Entries provided:

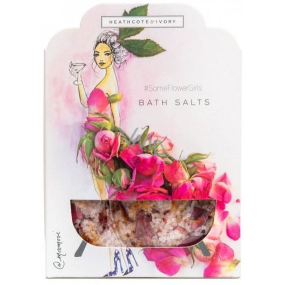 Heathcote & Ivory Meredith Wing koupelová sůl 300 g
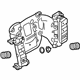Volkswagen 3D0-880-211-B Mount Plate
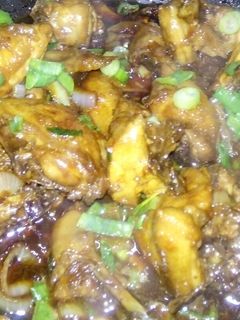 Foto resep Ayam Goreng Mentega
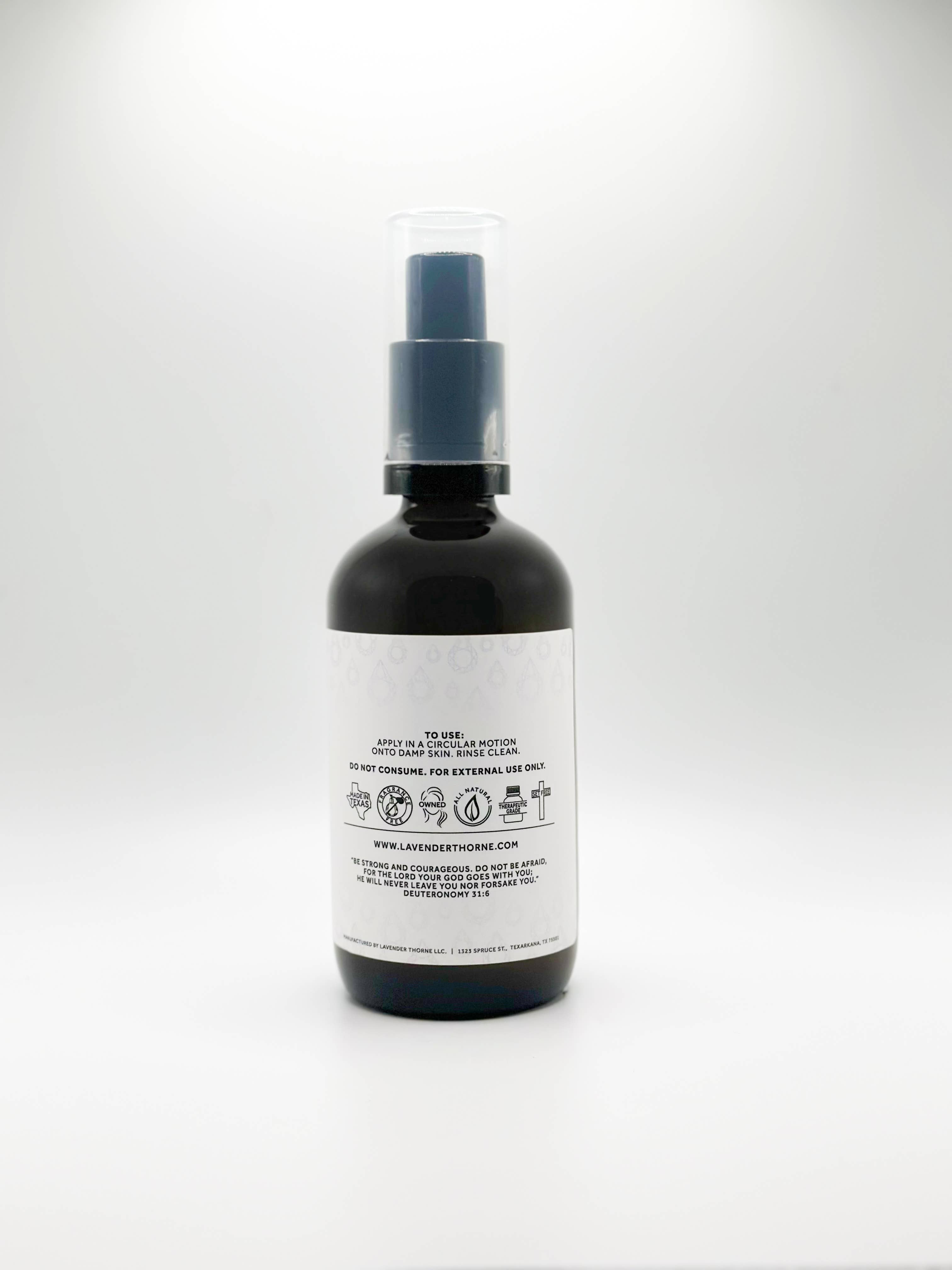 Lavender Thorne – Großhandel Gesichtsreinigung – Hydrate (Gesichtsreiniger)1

---

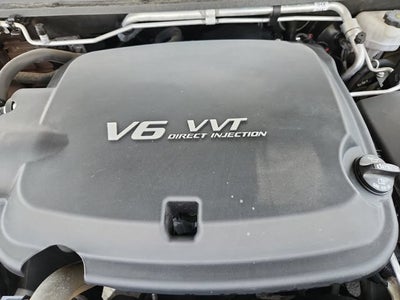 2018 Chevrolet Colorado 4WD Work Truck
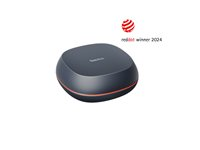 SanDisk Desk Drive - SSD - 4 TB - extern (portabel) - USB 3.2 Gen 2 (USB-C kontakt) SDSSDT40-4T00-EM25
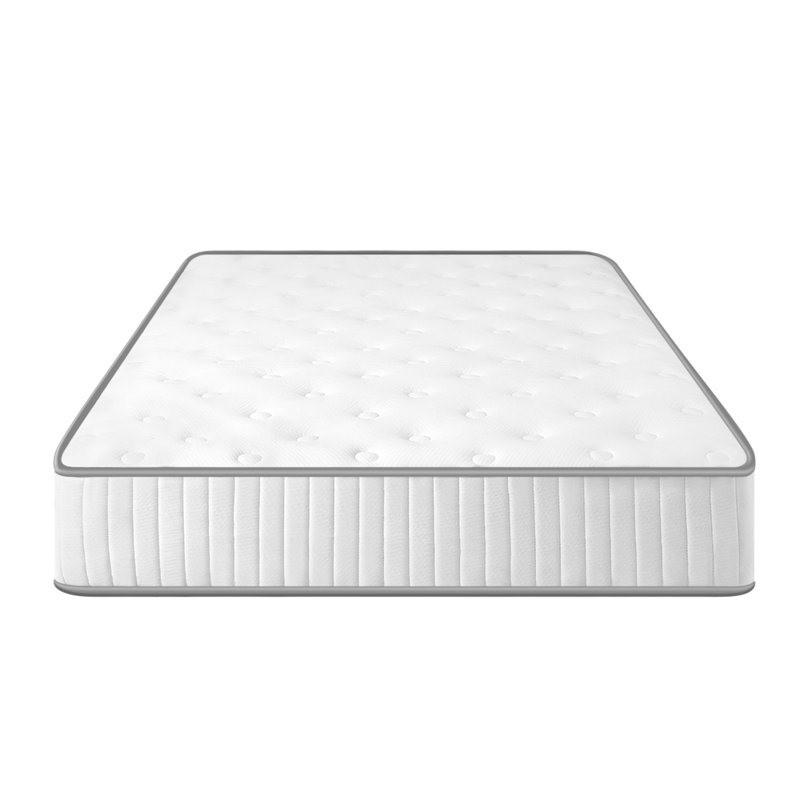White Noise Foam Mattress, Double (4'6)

Exercise: What you return must match, character for character, the lines above from the one with "SanDisk Desk Drive" through the one with "White Noise Foam Mattress, Double (4'6)", minus any pictures.

Task result:
 SanDisk Desk Drive - SSD - 4 TB - extern (portabel) - USB 3.2 Gen 2 (USB-C kontakt) SDSSDT40-4T00-EM25
White Noise Foam Mattress, Double (4'6)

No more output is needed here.